Una frase, pronunciata da una voce che non sentiva da tanto tempo, le attraversò la mente.
“Se mai un giorno deciderai che varrà di nuovo la pena ascoltare ciò che ho da dirti, ma non vorrai guardarmi in faccia mentre lo farai, chiama questo numero”.
Lei non le aveva rivolto la parola. Ma aveva comunque accettato quel biglietto, conservandolo per tutti quegli anni.
Da quando suo marito era stato recluso ad Azkaban e suo figlio le era stato portato via secondo la volontà dell’Oscuro Signore, Narcissa aveva dei momenti di vuoto sempre più frequenti. Spesso si ritrovava in una delle stanze da bagno, o in cima alla torre nord, oppure nel frutteto senza la minima idea di come fosse arrivata lì né di che cosa avesse intenzione di fare. Il pensiero di Lucius e Draco le fece inumidire gli occhi ormai permanentemente gonfi per il pianto e la stanchezza.
Dopo tutto quel tempo dormire da sola in un letto enorme, in una stanza enorme, in una casa enorme, la terrorizzava nell’intimo.

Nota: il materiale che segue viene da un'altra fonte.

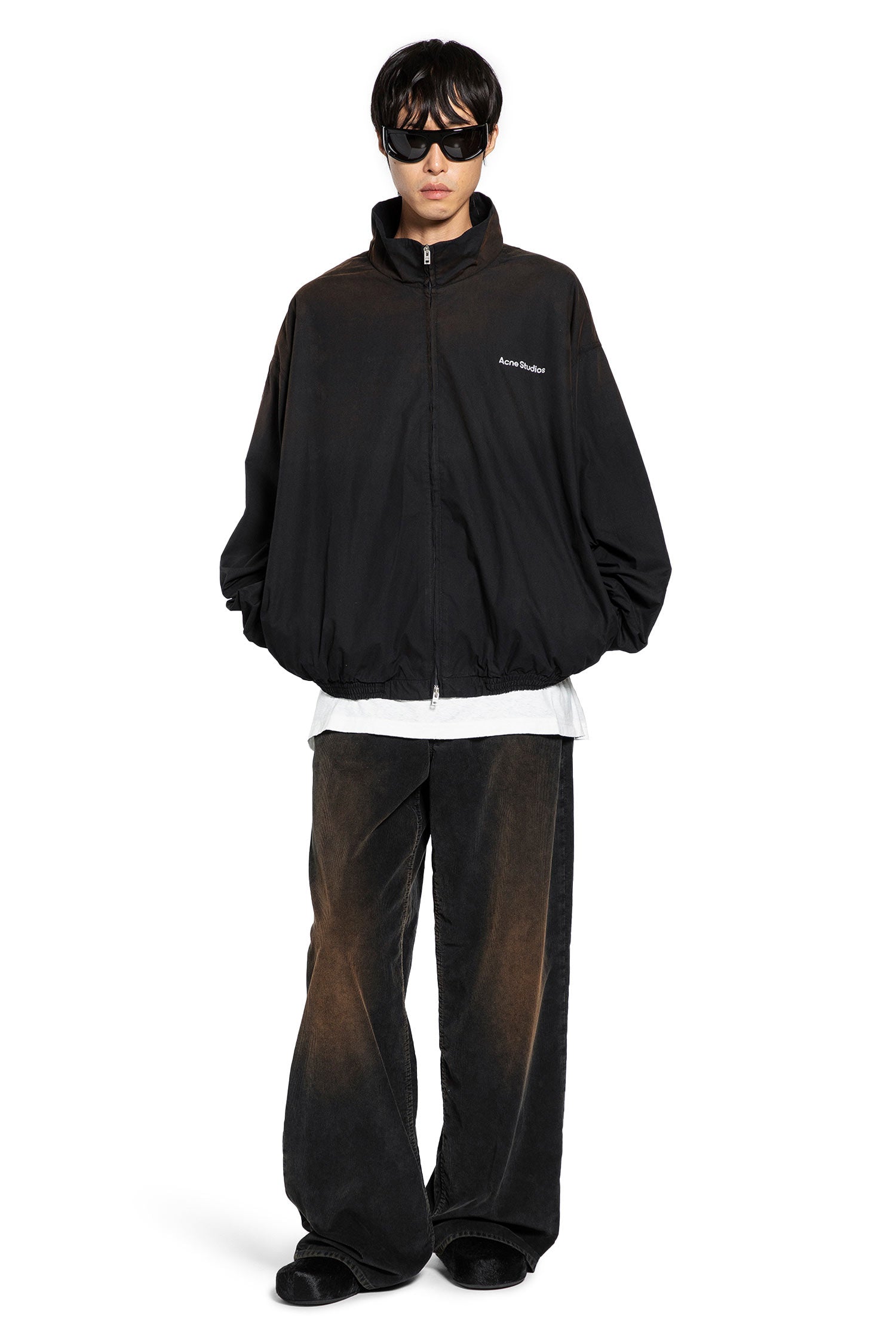 ACNE STUDIOS Washed Logo Zipper Jacket man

Con stizza strinse il pugno che stringeva il foglietto consunto fino a piantarsi le unghie ben curate nella carne del palmo. Ma non lo gettò; anzi, lo lasciò cadere in una delle tasche della veste, stando bene attenta a non perderlo. Poi, senza preoccuparsi che qualcuno potesse vederla, si Smaterializzò, diretta verso il freddo e l’oscurità della propria dimora.
In fondo alla via il sole scomparve del tutto al di là dell’orizzonte. Il crepuscolo era iniziato.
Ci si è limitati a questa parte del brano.